Metadata-Version: 2.4
Name: fortio-agent
Version: 0.1.0
Summary: Fortio — an AI-powered personal finance assistant built on LangGraph and Ghostfolio
Author: Fortio Contributors
License: MIT
Project-URL: Homepage, https://github.com/meghamegs-lab/agentForge
Project-URL: Repository, https://github.com/meghamegs-lab/agentForge
Project-URL: Bug Tracker, https://github.com/meghamegs-lab/agentForge/issues
Keywords: ai,finance,portfolio,langgraph,ghostfolio,agent
Classifier: Development Status :: 3 - Alpha
Classifier: Intended Audience :: End Users/Desktop
Classifier: Topic :: Office/Business :: Financial
Classifier: License :: OSI Approved :: MIT License
Classifier: Programming Language :: Python :: 3
Classifier: Programming Language :: Python :: 3.12
Classifier: Framework :: FastAPI
Requires-Python: >=3.12
Description-Content-Type: text/markdown
Requires-Dist: langgraph>=0.2.0
Requires-Dist: langgraph-checkpoint-postgres>=2.0.0
Requires-Dist: langchain-core>=0.3.0
Requires-Dist: langchain-anthropic>=0.2.0
Requires-Dist: langchain-openai>=0.2.0
Requires-Dist: fastapi>=0.115.0
Requires-Dist: uvicorn[standard]>=0.30.0
Requires-Dist: pydantic>=2.8.0
Requires-Dist: pydantic-settings>=2.5.0
Requires-Dist: httpx>=0.27.0
Requires-Dist: requests>=2.32.0
Requires-Dist: yfinance>=0.2.40
Requires-Dist: redis>=5.1.0
Requires-Dist: psycopg2-binary>=2.9.9
Requires-Dist: langsmith>=0.1.120
Requires-Dist: python-dotenv>=1.0.0
Requires-Dist: tenacity>=9.0.0
Requires-Dist: structlog>=24.0.0
Requires-Dist: typer[all]>=0.12.0
Requires-Dist: mcp>=1.0.0
Provides-Extra: dev
Requires-Dist: pytest>=8.0.0; extra == "dev"
Requires-Dist: pytest-asyncio>=0.23.0; extra == "dev"
Requires-Dist: respx>=0.21.0; extra == "dev"
Requires-Dist: httpx>=0.27.0; extra == "dev"
Requires-Dist: ruff>=0.4.0; extra == "dev"
Requires-Dist: mypy>=1.10.0; extra == "dev"

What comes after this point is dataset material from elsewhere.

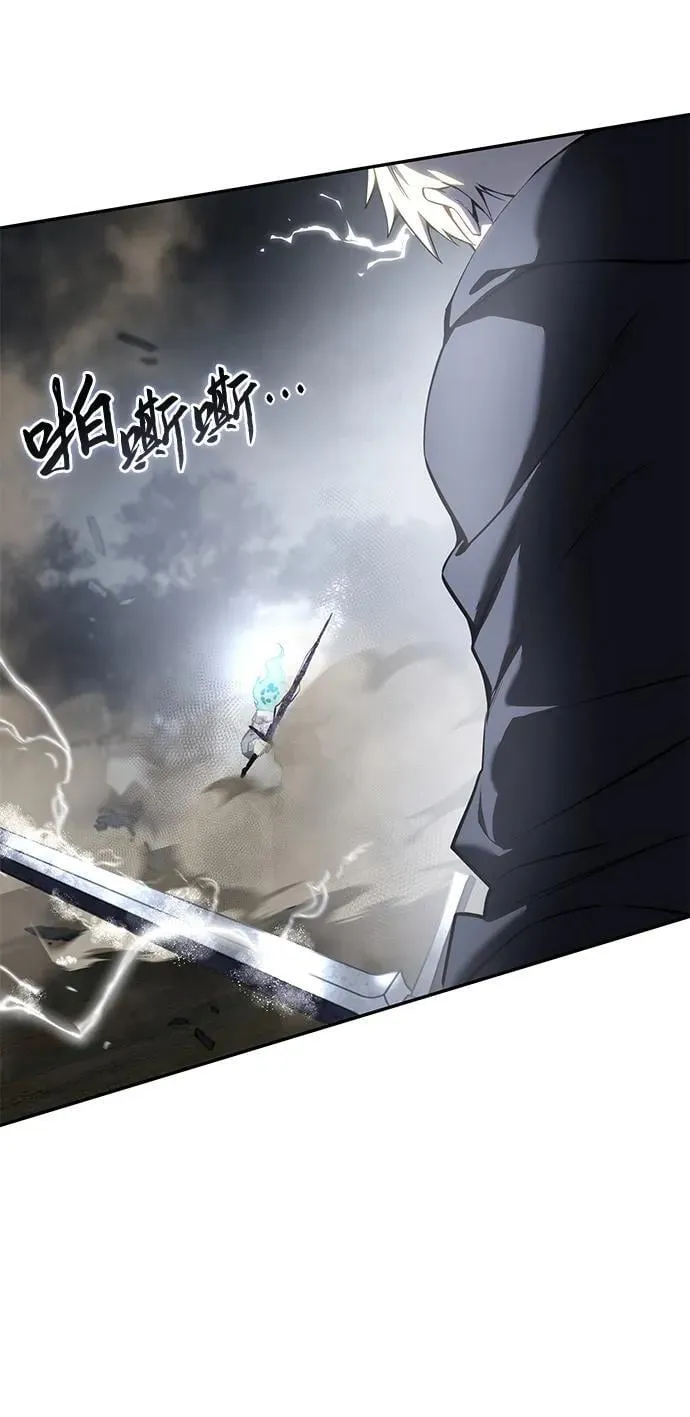 第52话29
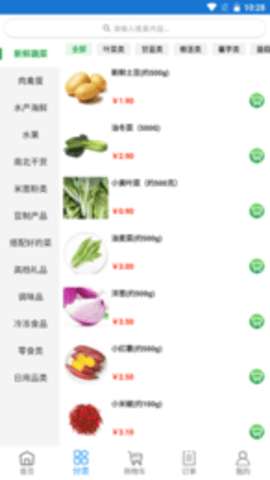 至成生鲜配送图3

# Fortio — Ghostfolio Finance AI Agent

A production-ready AI agent built on LangGraph that provides intelligent portfolio analysis
by integrating with [Ghostfolio](https://ghostfol.io), the open-source wealth management platform.

## Production URLs

| Service                                           | URL                                                                                                                                   |
| ------------------------------------------------- | ------------------------------------------------------------------------------------------------------------------------------------- |
| **Ghostfolio App**                                | [ghostfolio-production.up.railway.app](https://ghostfolio-production-453e.up.railway.app/en/home)                                     |
| **Ghostfolio Demo Account to test Fortio Agent ** | [fortio-agent-production.up.railway.app](https://ghostfolio-production-453e.up.railway.app/en/p/e6b67d66-b727-4fa8-a3ac-01ec36d5dde1) |
| **Fortio Agent Docs**                             | [fortio-agent-production.up.railway.app/docs](https://fortio-agent-production.up.railway.app/docs)                                    |

## Stack

- **Agent:** LangGraph (state machine) + Claude Haiku (primary LLM) + GPT-4o-mini (fallback)
- **Tools:** 16 domain tools — 5 core (Ghostfolio REST API) + 6 advanced multi-step + 5 FIRE Goal Tracker (opt-in, feature-flagged)
- **Verification:** 5-stage pipeline (disclaimer, hallucination guard, freshness, concentration, confidence) + `FIRE_PROJECTION_SPECULATIVE` flag
- **Interfaces:** FastAPI REST API · Typer CLI (`fortio`) · MCP server (`fortio mcp`)
- **Observability:** LangSmith tracing + structured eval suite (370+ tests)
- **Deployment:** Railway (CI/CD via GitHub Actions)

---

## Quick Start (30 minutes to first API call)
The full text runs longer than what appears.